Thanatotranscriptomic Analysis
It can from a serology postmortem characterize transcriptome of tissue particular cell type, or compare the transcriptomes between various conditions experimental. It can be complementary to the analysis of thanatomicrobiome to better understand the process of transformation of the necromass in the days following the death;. Characterization and quantification of the transcriptome in a tissue "dead" given and conditions data can identify genes assets, to determine the regulatory mechanisms of Gene Expression and set networks of gene expression.
changes in the quantities of mRNA in the body prove that hundreds of genes with very different functions awoke just after death 548 genes have thus awakened after the death of zebrafish and 515 in the laboratory mice. Among the genes which thus awake, there are genes involved in the development of the organism, including genes that are normally activated only in utero or in ovo during fetal development.
Applications
This information could possibly in the future lead to:
Construct a definition both more accurate and nuanced phenomenon of "death";
Illuminate the phenomenon of cell death of apoptosis or the death of a body, and in particular the phenomenon of ischemia and its process healing or resilience, for perhaps then to facilitate them.

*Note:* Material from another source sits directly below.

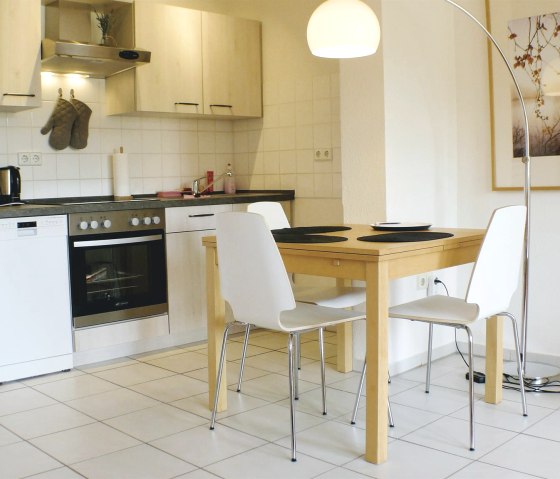 Kitchen, © Nordeifel Tourismus GmbH & Dietmar Frank Kitchen, © Nordeifel Tourismus GmbH & Dietmar Frank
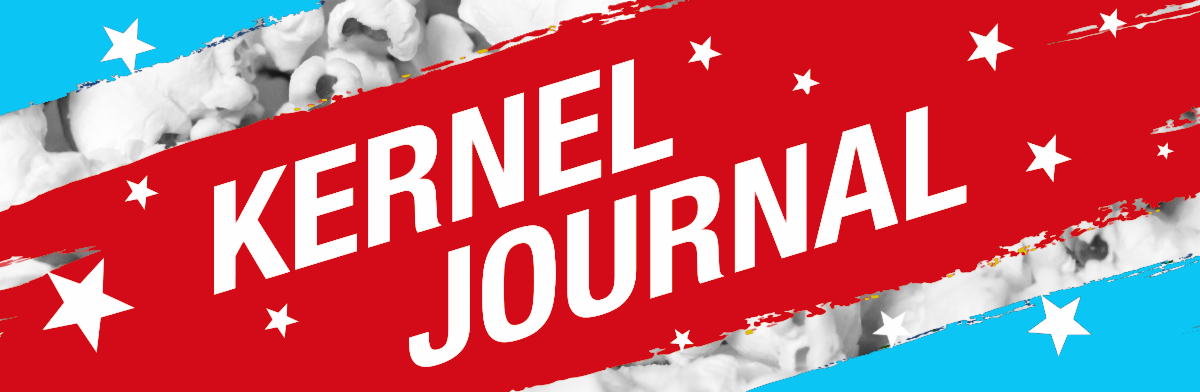 Kernel Journal 2024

This gene revival also means remaining in the cells for up to 48 hours after the death of these animals enough energy for activating the cellular machinery. At least part of these genes appear to be genes involved in physiological healing, healing or "auto-resuscitation".
Understand cancer. It was found that among the genes reactivated soon after death, some of the genes involved in the process of cancerous ; detailed understanding of this phenomenon could shed light on the phenomenon of carcinogenesis and maybe bring some new elements to better combat.
Improving the quality of organ transplants. Indeed, the fact that cancer-related genes are activated after the death in animals is information that leads us to consider the time of organ transplantation to reduce the incidence of cancer in people receiving these transplants. Persons to which was grafted a new liver actually more cancers after treatment than would be statistically normal. This phenomenon was attributed to the diet imposed on them, or immunosuppressive drugs they receive for their body does not reject the transplant. One hypothesis is that the cancer genes activated in the liver of the donor may also play a role.
Whether there is the same in humans, because previous studies have already shown that in people dead by trauma, heart attack or suffocation, various genes including those involved in cardiac muscle contraction and wound healing, were active more than 12 hours after death. Similarly for gene dental pulp. Some authors in 2015 introduced the concept of "thanatotranscriptome apoptotic"
Test another hypothesis is that after death, a rapid decrease of the "suppressor genes" activity would allow dormant genes wake up, at least for this short period of time.